The balance sheet total was EUR 534.2 million (EUR 431.4 million), an increase
of 23.8 %. The Group's equity to assets ratio at the end of the period was 39 %
(38.5 %). 

The fair value of the Group's investment property at the end of 2007 was EUR
468.8 million (EUR 392.2 million). The change in the fair value of investment
property was due to the effect of the fair value of properties bought and
completed, a reduction in the return requirements of the market, changes in
future returns and modernization costs, the revaluation of properties owned
throughout the year under review, and increases in the acquisition cost
recognized in separate companies during the year. The effect on profit of the
change in the fair value of investment property was EUR 14.6 million (EUR 16.1
million). 

The Group's total rentable area was 366,045 floor square meters at the end of
2007 (348,415 floor square meters). The Group's average financial occupancy
ratio at the end of the year was 96.8 % (94.4 %). The financial occupancy ratio
describes the rental revenue from the properties as a percentage of the
combined total of the rent for the rented space and the estimated market rent
for the vacant space. The Group's leases at the end of the year totaled EUR
111.0 million (EUR 121.1 million). 

Group structure

The Technopolis Group includes the parent company, Technopolis Plc, which has
operations in Espoo, Jyväskylä, Lappeenranta, Oulu, Tampere and Vantaa, and its
subsidiaries Innopoli Oy (100 % owned) and Kiinteistö Oy Innopoli II (100 %),
both in Espoo, and other subsidiaries. 

The Group has carried out the merger of the following Group subsidiaries with
their respective parent companies: Technopolis JSP Ltd, Technopolis JSPF Oy,
Technopolis Kareltek Ltd, Technopolis TSP Oy, Kiinteistö Oy Hermia Kymppi,
Kiinteistö- ja Sijoitusyhtiö Joreco Oy, Kiinteistöosakeyhtiö Teknologiantie 11,
Kiinteistö Oy Oulun Teknologiatalot, Kiinteistö Oy Oulun Moderava, Kiinteistö
Oy Oulun Mediaani and Medipolis Oy. The purpose of the merger is to increase
the cost efficiency of the Group's operations and streamline Group
administration. 

The parent company has a minority holding in the affiliated companies
Kiinteistö Oy Hermia (49.3 %), Technocenter Kempele Oy (48.5 %), Iin Micropolis
Oy (25.7 %), Jyväskylä Innovation Ltd (24 %) and Lappeenranta Innovation Ltd
(20 %). Technopolis Plc has a 13 % holding in Oulu Innovation Ltd. 

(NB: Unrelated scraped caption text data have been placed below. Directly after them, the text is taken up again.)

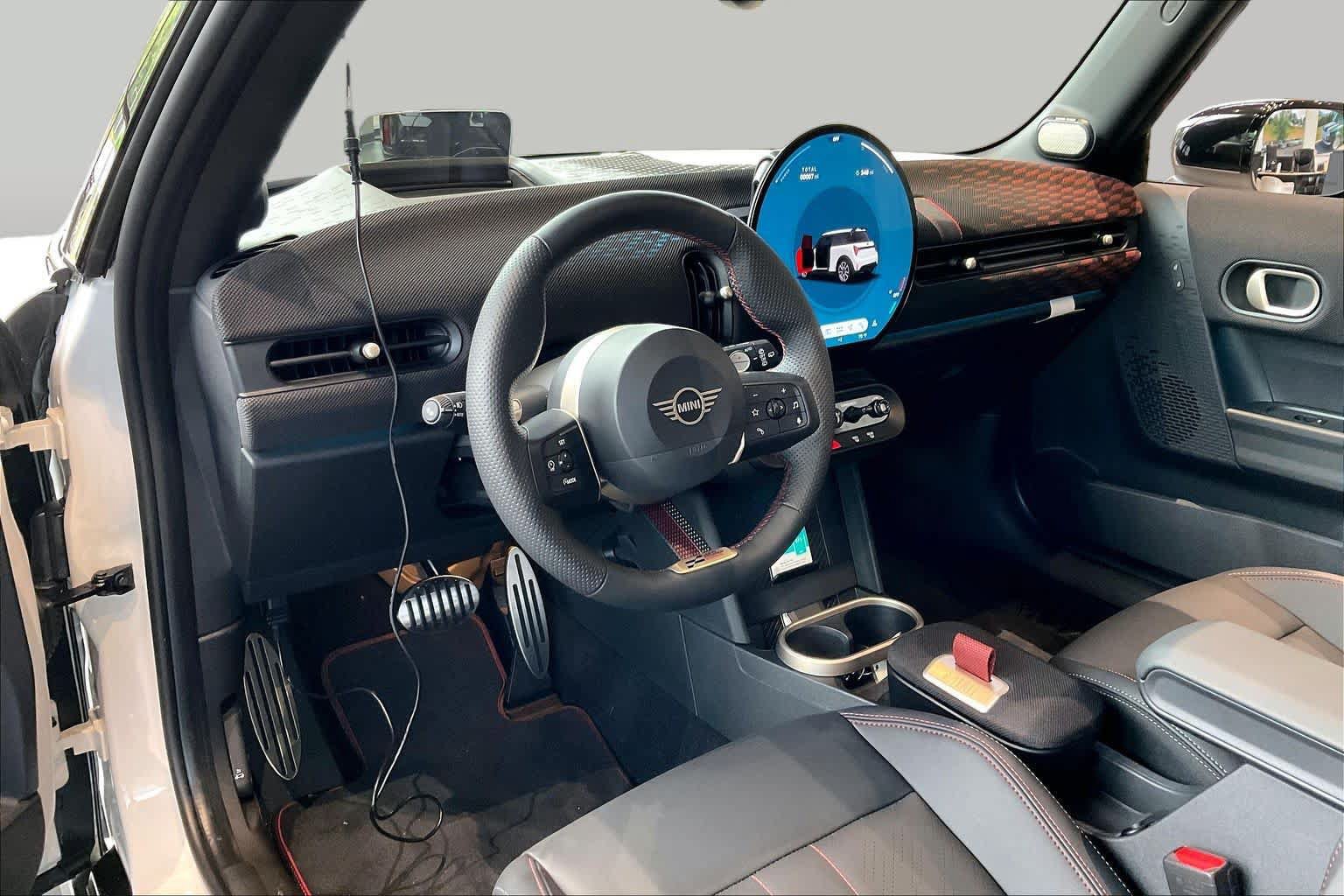 New 2026 MINI Cooper John Cooper Works FWD image 9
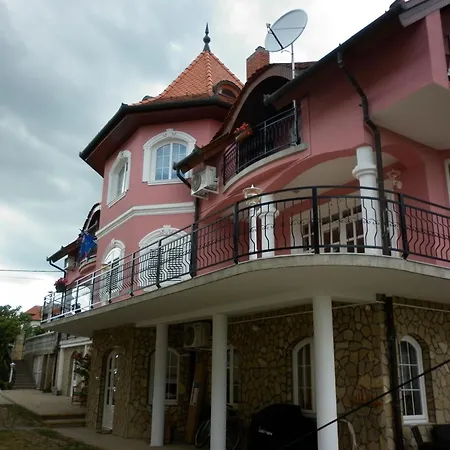 Manor Villa Hévíz Exterior foto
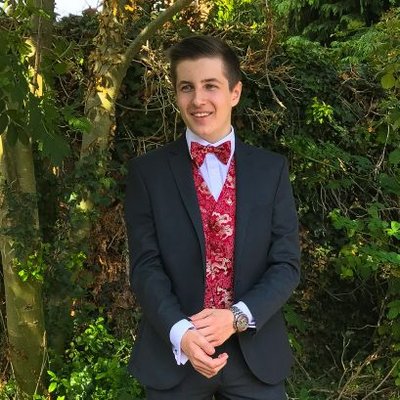 Profile Picture of Joseph S D Mullett (@josephmullett) on Twitter
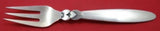 Cactus by Georg Jensen Sterling Silver Salad / Fish Fork 3-Tine 6 3/8" Flatware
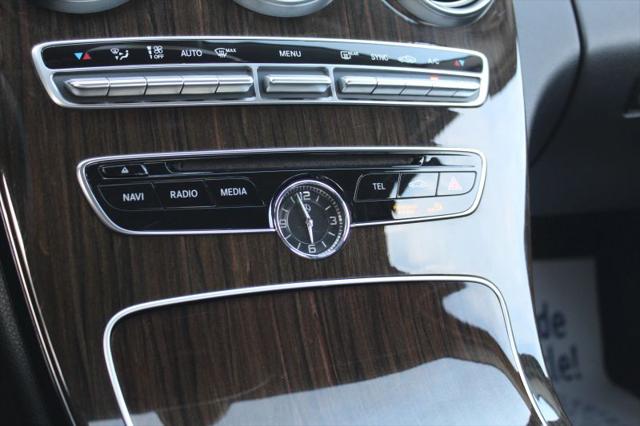 2015 Mercedes-Benz C-CLASS C 300 4MATIC
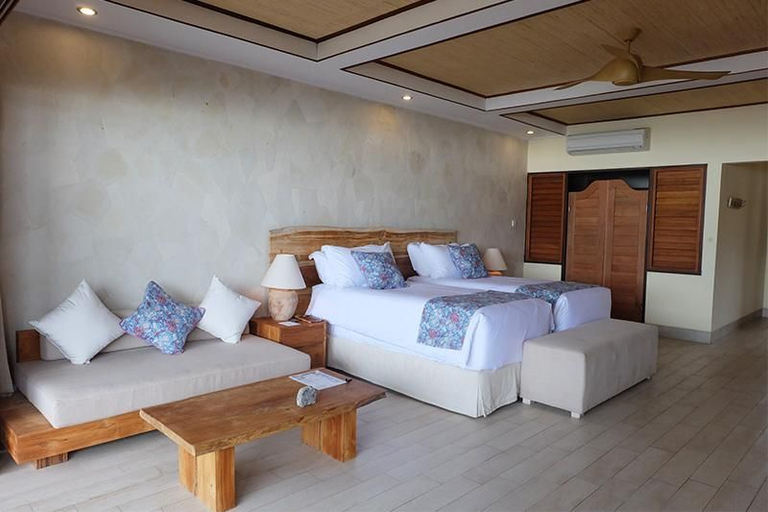 Bedroom 5, Bombora Medewi, Jembrana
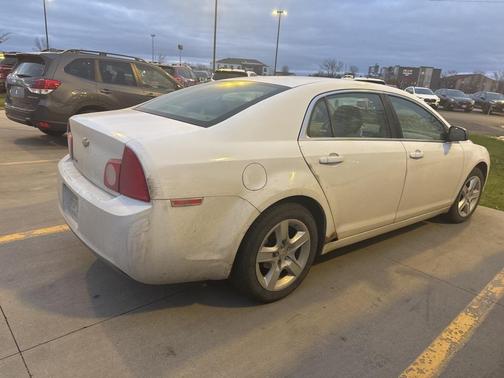 2012 Chevrolet Malibu LS Fleet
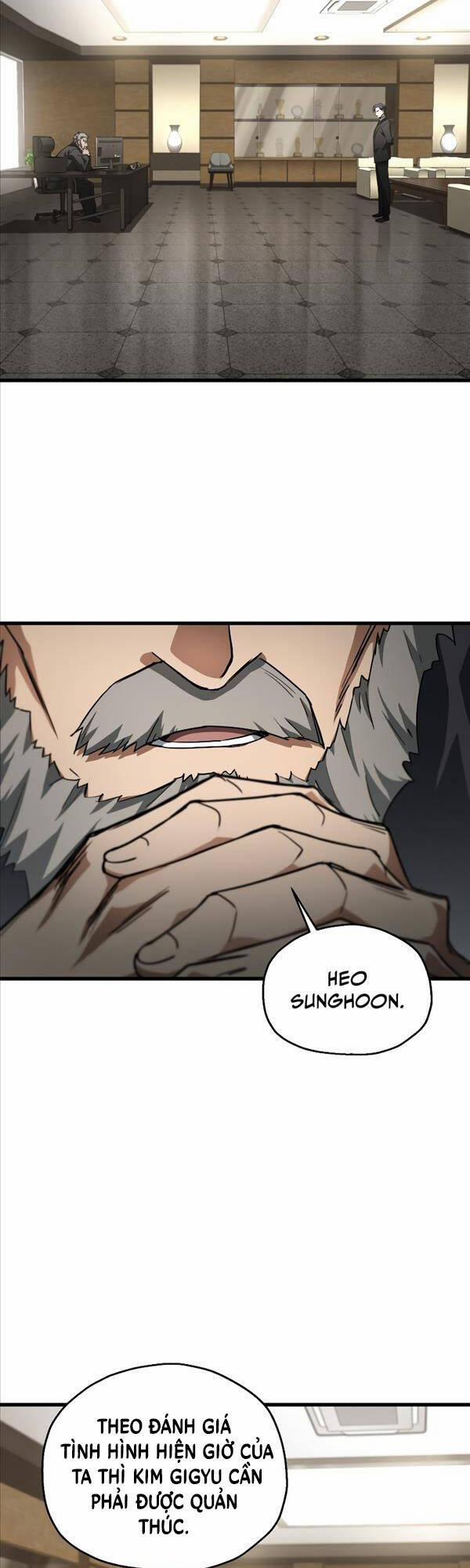 Người Chơi Không Thể Thăng Cấp 116 trang 36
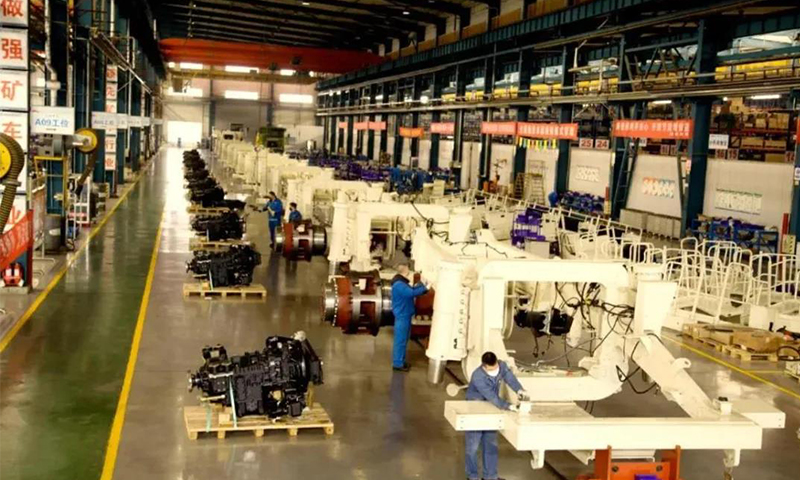 2019年，北方股份与中科院深圳先进技术研究院以及几家国际智能制造领域巨头强强合作，11月开始调试，建设了全球首创的电动轮车厢焊接机器人工作站，2020年6月将投入使用。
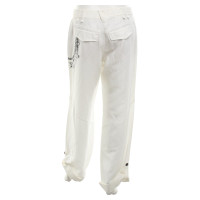 Marc Cain trousers in white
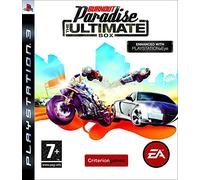 Burnout Paradise - The Ultimate Box (PS3) [Edizione: Regno Unito]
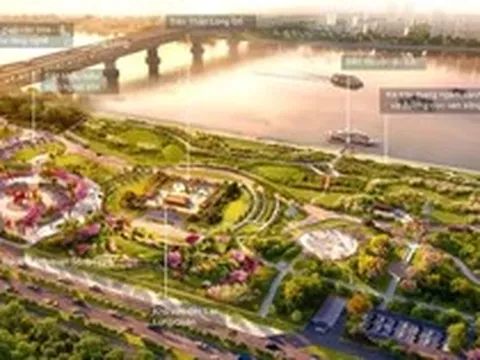 Quy hoạch sông Hồng: Chuyên gia đưa ra những lưu ý quan trọng trong xây dựng
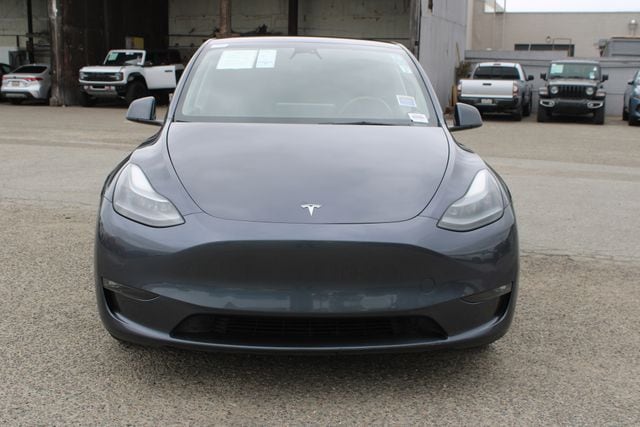 Used 2022 Tesla Model Y Performance with VIN 7SAYGDEF8NF493666 for sale in Huntington Beach, CA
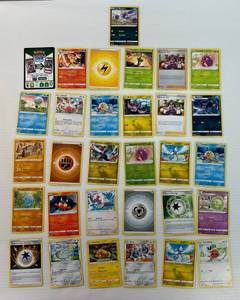 Pokemon Trading Cards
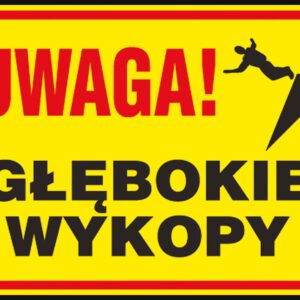 Znak Bezpieczeństwa Z-TB4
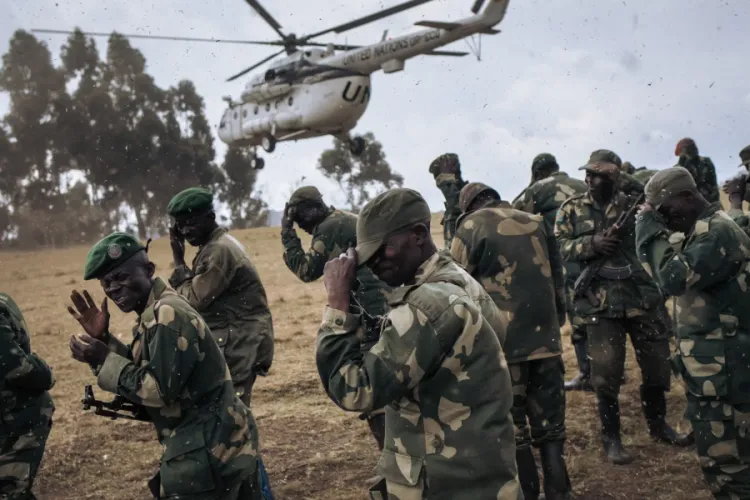 DRC Conflict Threatens Raila's AUC Ambitions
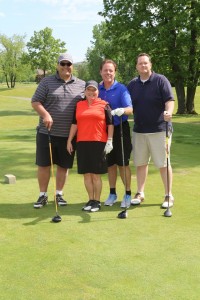 Vinni's Golf Outing Participants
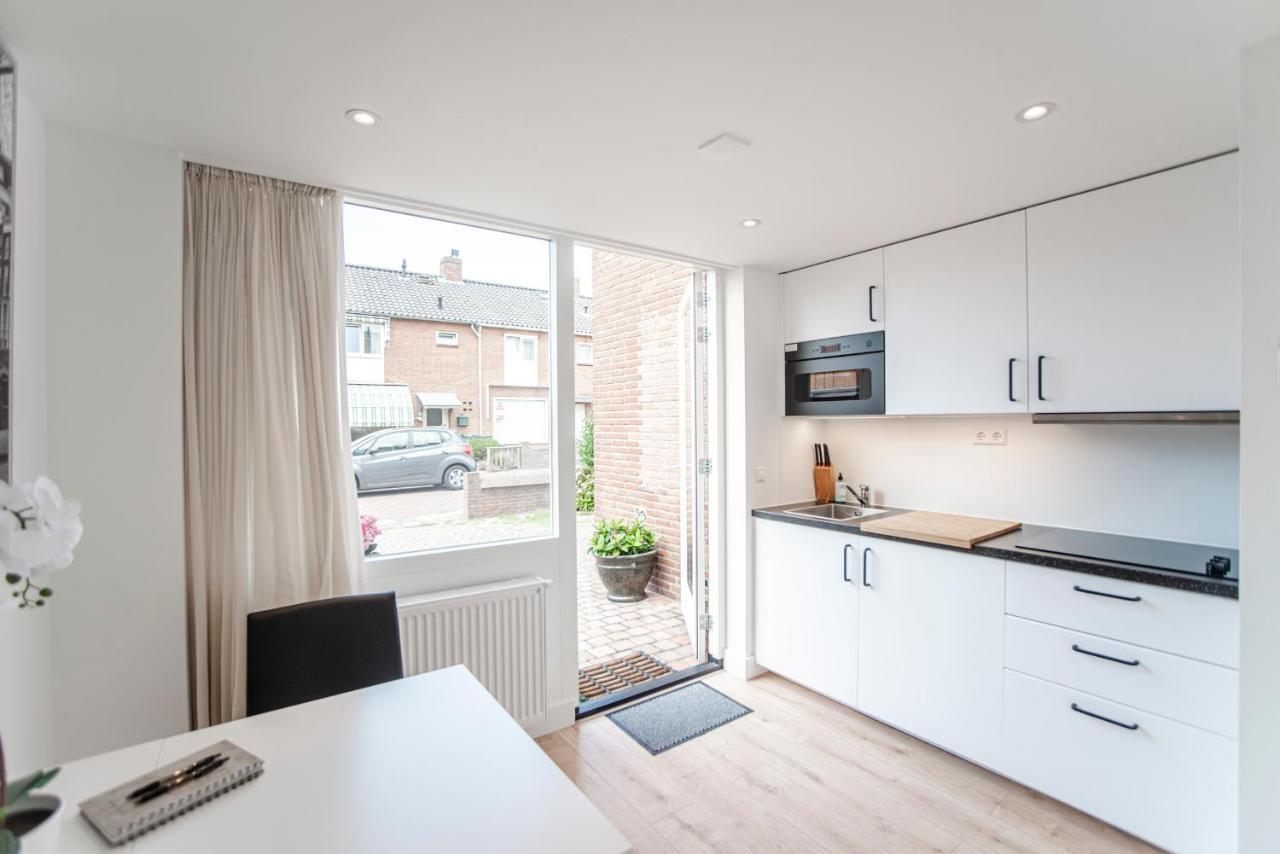 Happy Days Apartment - Luxurious - Free Parking On Own Property Zandvoort Exterior foto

The Group also includes Technopolis Ventures Oy in Espoo (fully owned by
Innopoli Oy). Technopolis Ventures Oy has the subsidiaries Technopolis Ventures
Kareltek Ltd in Lappeenranta (100 % owned), Technopolis Ventures JSP Ltd in
Jyväskylä (100 %), Technopolis Ventures Oulutech Oy in Oulu (70 %) and
Technopolis Ventures Professia Oy in Tampere (50.1 %). Technopolis Ventures Oy
also has a 25 % holding in Otaniemi Development Ltd. 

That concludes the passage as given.